= Edward Forsett =

English writer

Edward Forset (or Forsett) (1553–1630) was an English official, politician and writer, known for political works and as a playwright.

==Life==
He was the fourth son of Richard Forsett, a barrister and Member of Parliament, and his wife Margaret Vaughan. Educated at Christ's College, Cambridge and Trinity College, Cambridge, he graduated B.A. in 1572, and was a Fellow of Trinity from 1574 to 1581.

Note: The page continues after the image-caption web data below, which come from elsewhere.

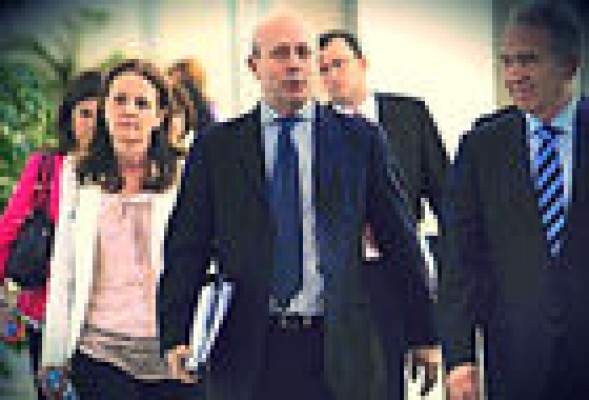 <em><strong>Universidad</strong> <br />una reforma que nadie se atreve a acometer</em>
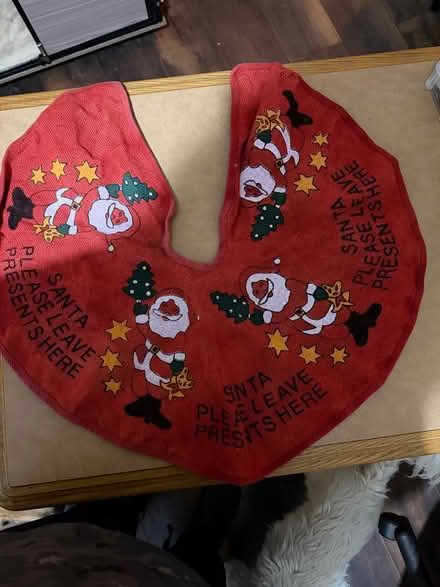 Photo of free Tree skirt (Mitcham CR4) #1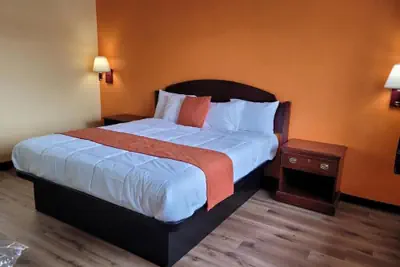 Photo 3 - Espana Motel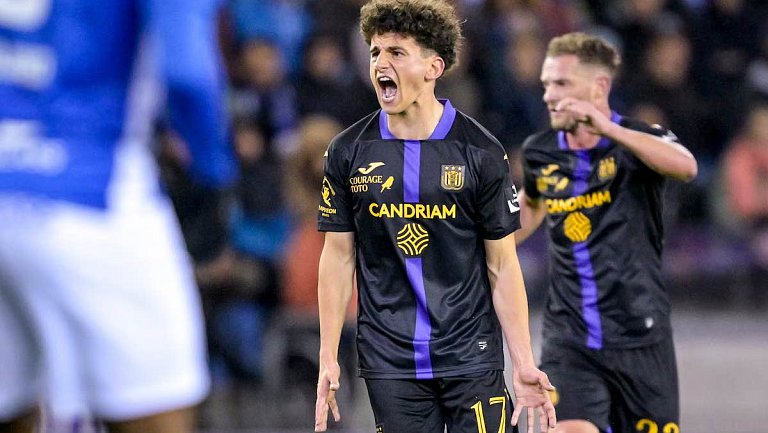 «Зульте-Варегем» заинтересован в Тео Леони и Седрике Хатенбуре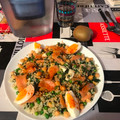 El cooksnap de paco garrido tatay cuando hizo Arroz integral con garbanzos, espinacas, salmón ahumado y huevo duro.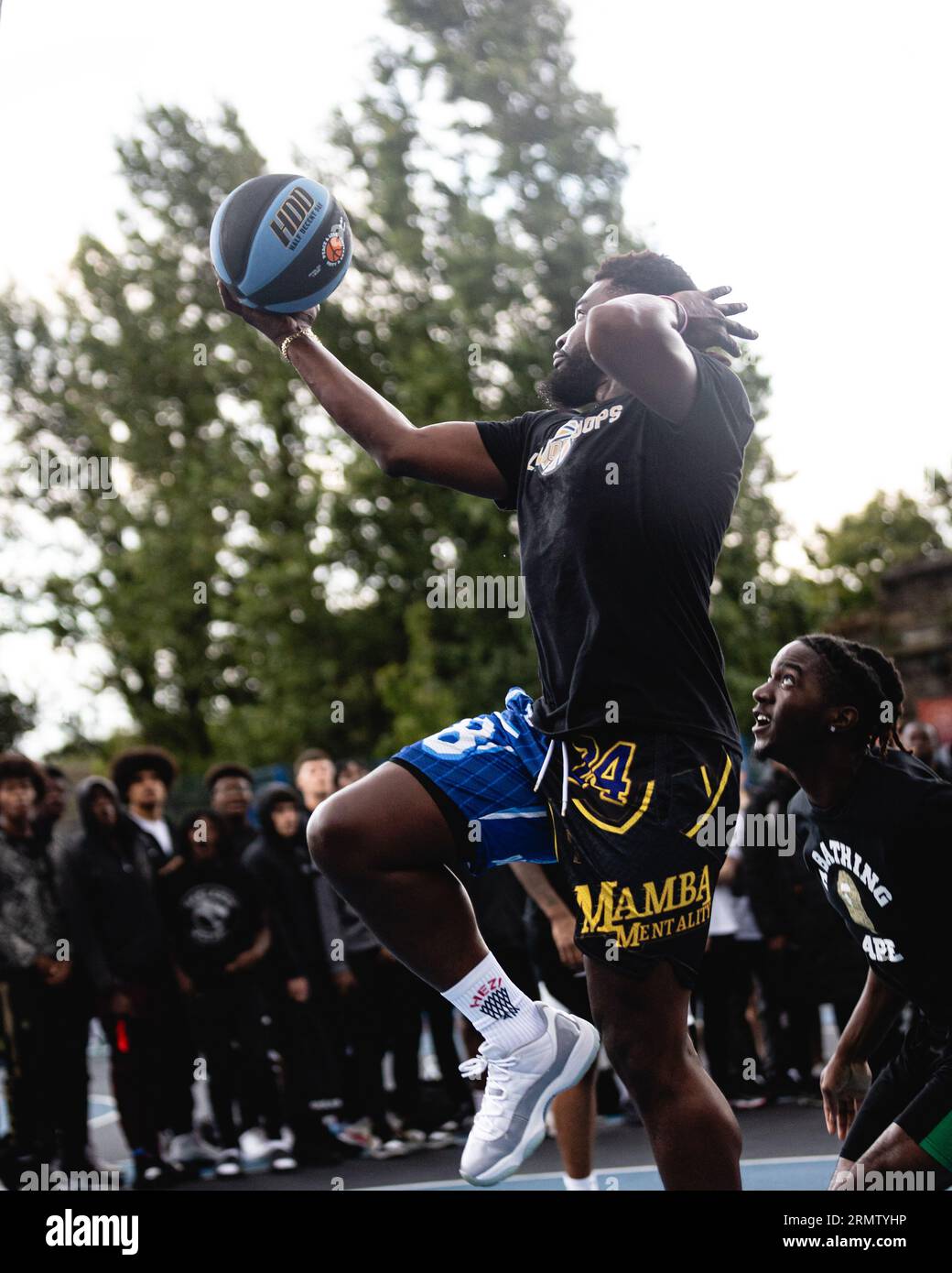 ahead of the Big 3 event at the o2 arena, Ryan Carter (the Hezigod) and Gerald Green attend a pick up game at the blue cage basketball curts, Deptford, London. Hezigod plays in one of the teams. copyright caroljmoir/alamy Stock Photo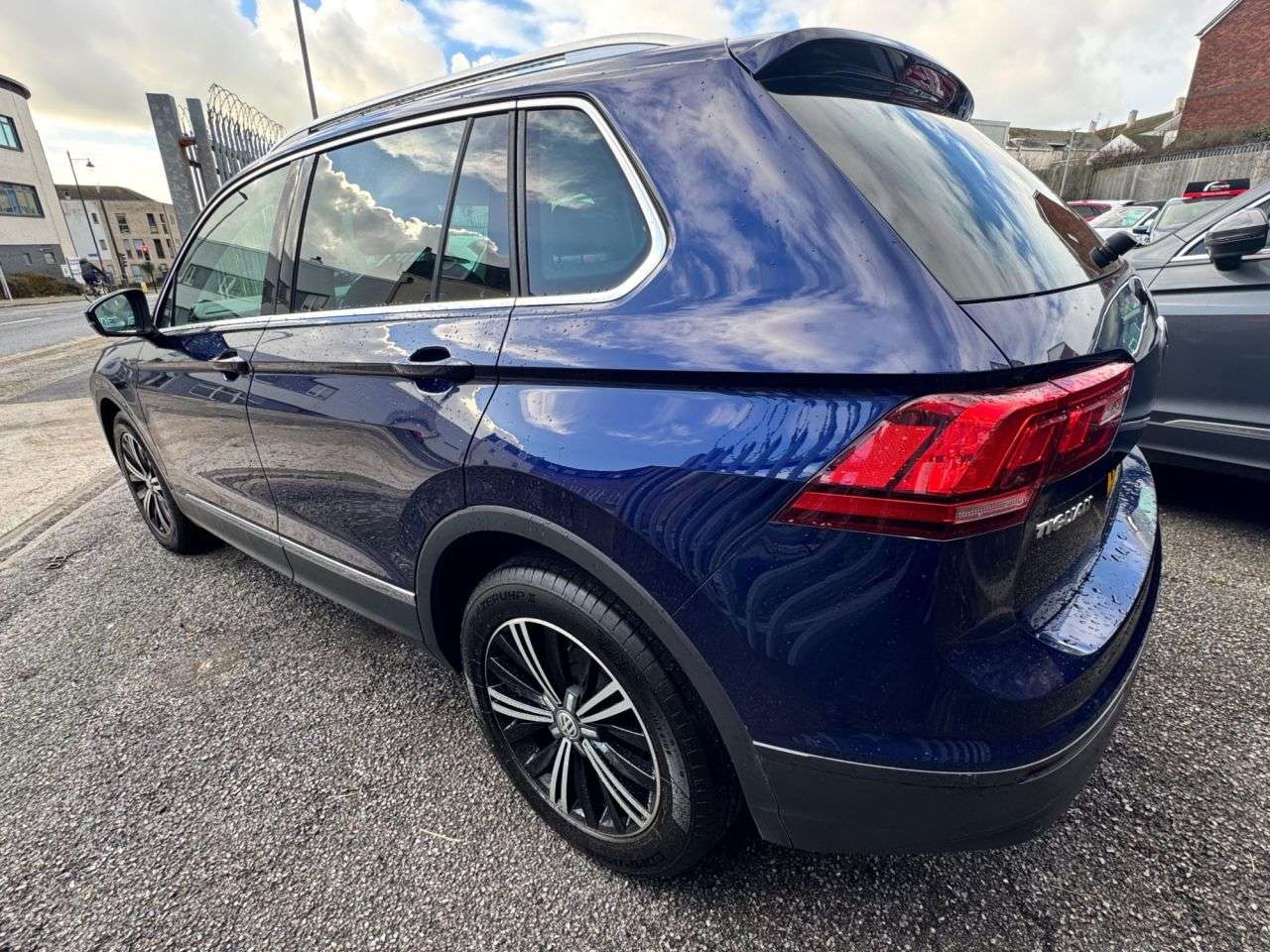 2017 VOLKSWAGEN TIGUAN 2017 VOLKSWAGEN TIGUAN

In the service of Robert Cecil, 1st Earl of Salisbury, and a justice of the peace, Forset was involved on the prosecution side of the 1605 Gunpowder Plot. In 1606 he became Member of Parliament for Wells.

==Works==
Forset wrote:

- Pedantius (1581) (online text), a Latin comedy. It made fun of Gabriel Harvey.
- A Comparative Discourse of the Bodies Natural and Politique (1606), contributing to the traditional monarchist theory of the king's two bodies: the body politic and the body natural. This is considered one important source for later divine right and royalist ideas, as well as spinning out the bodily metaphor (the King as the heart).
- A Defence of the Right of Kings. Wherein the power of the papacie over princes, is refuted; and the Oath of Allegiance justified (1624), a belated reply to writings of Robert Parsons, belonged to the allegiance oath controversy.